The invention opens up a new design space concerning plasma reaction chambers. Different non-thermal plasma process conditions may be realised by the geometrical arrangement of the dual-phase plasma reaction chamber. Different processes crave different plasma characteristics which are achieved through: interaction (= electric field) between high-voltage electrodes E1 , E2 with the ground electrodes GE1 , GE2; interaction (= electric field) between two different types of high voltage electrodes E1 , E2; and the electrode’s distances sd11 , sd22, alignment, geometry, arrangement, etc.

With the invention it also becomes possible to create a variety of different electric fields and therefore plasma domains in one reactor setup. Thus, the plasma zones may be designed with different characters due to the chemical process in terms of activation, sustaining, quenching, etc.

Fig. 10 illustrates a top view of a second embodiment of the plasma electrode configuration 50 in accordance with the invention together with a voltage profile along a first path in a first direction. Fig. 11 illustrates a voltage profile of the plasma electrode configuration 50 of Fig. 10 along a path in a second direction orthogonal to the first direction. This embodiment will only be discussed in as far as it differs from the previous embodiments. The respective plasma electrodes E1a, E2a, E1 b, E2b, E1c, E2c are placed closer together, which is particularly advantageous because of the dual-phase voltage signals on the different sets E1 , E2 of electrodes. Figs. 10 and 11 illustrate how this reduced distance between the plasma electrodes further enhances the electric field between the plasma electrodes, still keeping the basic electrode shape and reaction chamber dimensions. Not only is the electric field enhanced, also more electrodes can be placed within the same volume.

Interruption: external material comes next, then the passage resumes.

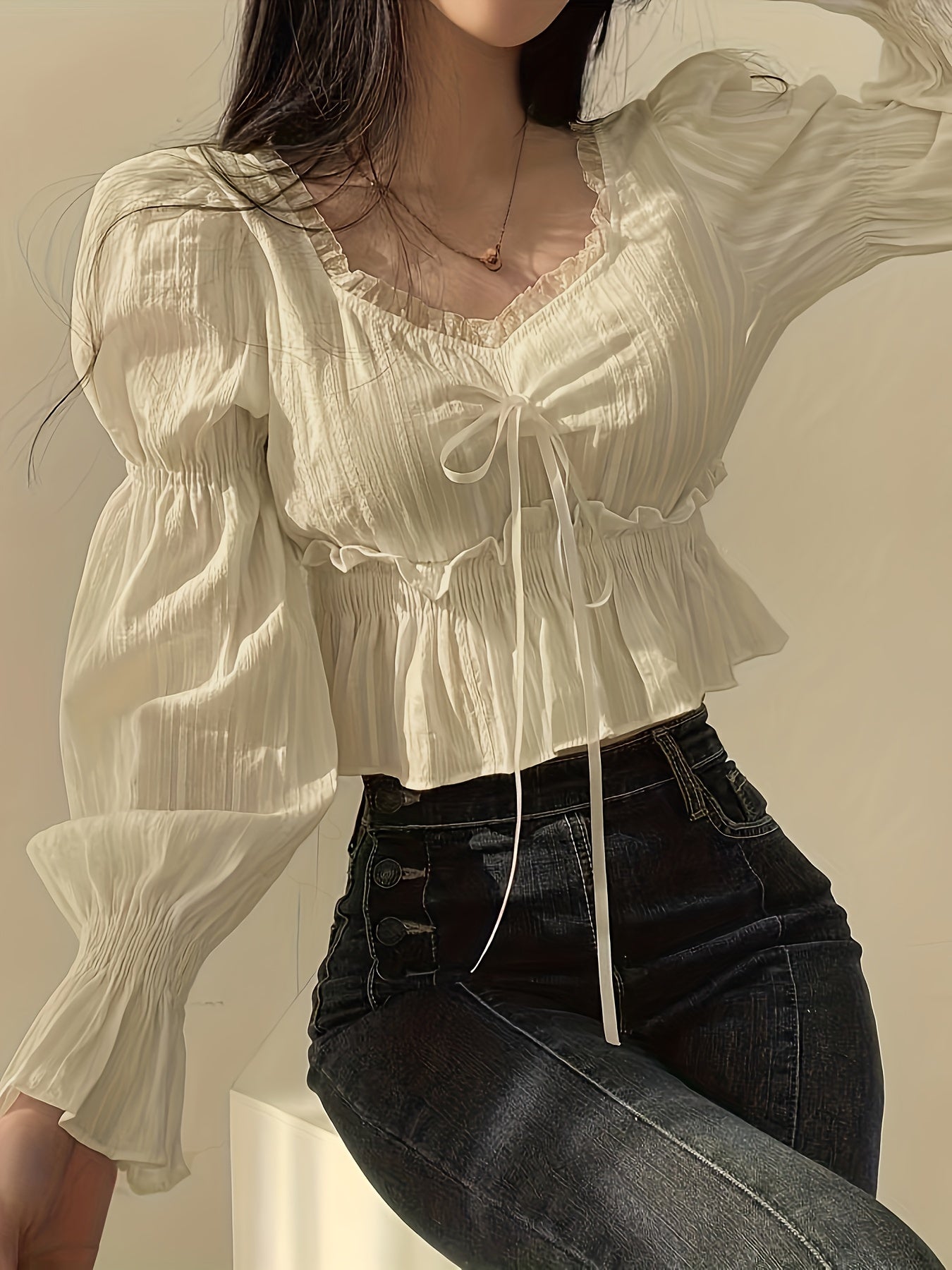 Women's White Cotton Shirt with Square Collar Long Sleeve Spring Autumn Casual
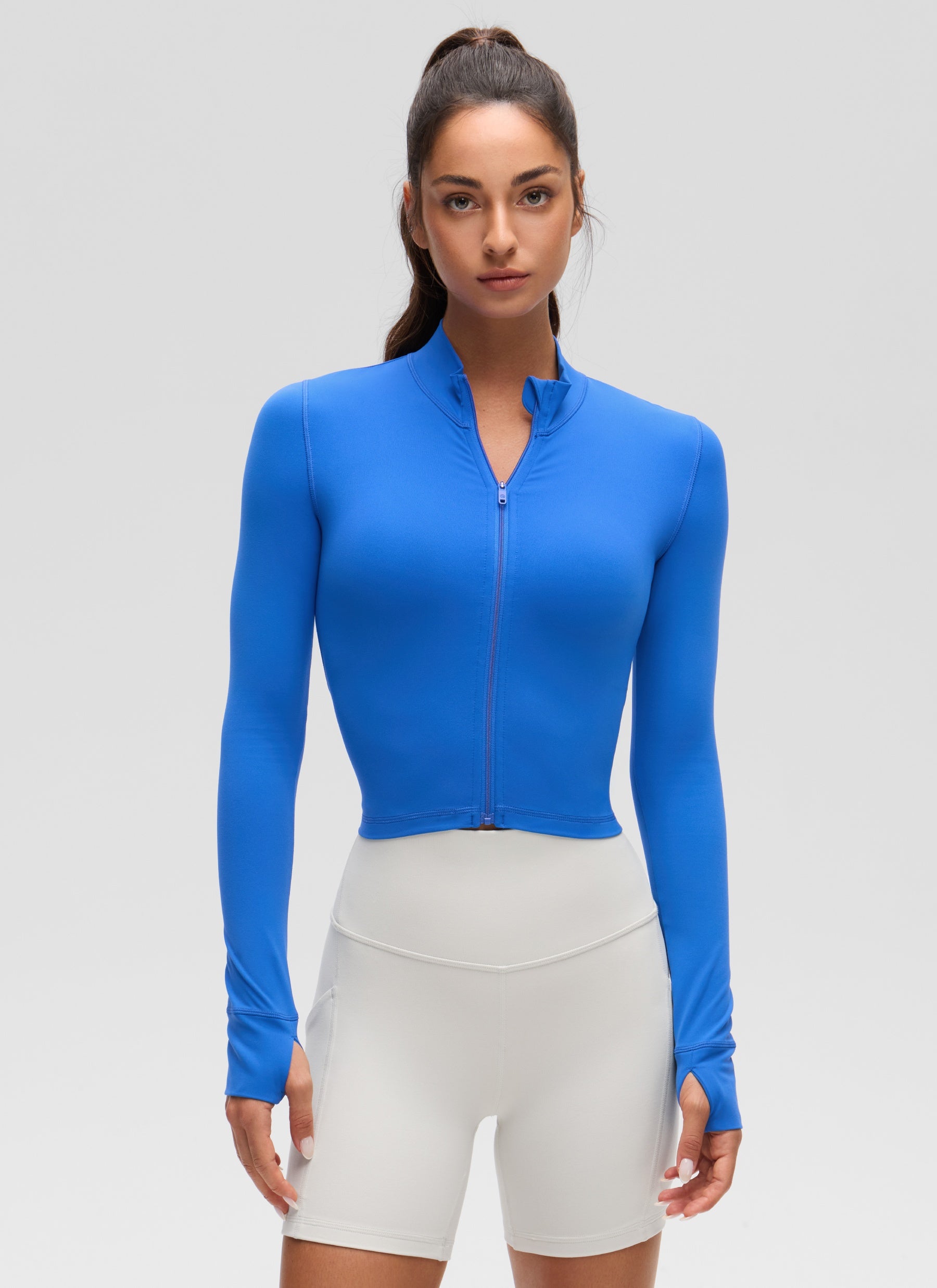 CRZ YOGA Jaket Luar Pendek Wanita dengan Resleting Penuh " Butterluxe " Warna Biru Berkilau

In Figs. 10 and 11 the plasma electrodes E1 , E2 are still placed inline, equidistantly, and alternatingly, that is that, apart from the edge electrodes E1a, E2c, the other electrodes all see neighbouring electrodes from the other set than the respective set they belong to themselves. However, the plasma electrode E1 , E2 are placed much closer as discussed.

The distance of the electrode types has now become an additional design parameter for modifying the electric field in a plasma reactor and separated the AC and DC part in a new way. It is possible for instance to have different inter-electrode distance in different zones in the reaction chamber, and thus have different plasma properties in different zones, still using the same dual feed signal all over the plasma reactor chamber. The dual-phase system is expected to become a very important tool to tune the plasma generation in order to achieve the best possible energy content/distribution (eV) of the electrons generated in the plasma, eventually in addition having different properties in different reactor zones. These are important key parameters to optimise the reactions to be run in specific applications.

Fig. 12 illustrates a top view of a third embodiment of the plasma electrode configuration 50 in accordance with the invention together with a voltage profile along a first path in a first direction. Fig. 13 illustrates a voltage profile of the plasma electrode configuration of Fig. 12 along a path in a second direction orthogonal to the first direction. This embodiment will only be discussed in as far as it differs from the previous embodiments. In this embodiment the plasma electrodes of the first set E1 are placed in a first plane PL1 and equidistantly, and the plasma electrodes of the second set E2 are placed in a second plane PL2 parallel to the first plane PL1 and equidistantly, as illustrated. This interesting part of this embodiment is that the electric field enhancement (voltage gradient) is increased in the first direction rather than the second. This is best seen from Fig. 13. This electrode configuration 50 may be a better alternative in certain applications, because of practical, mechanical, and chemical considerations.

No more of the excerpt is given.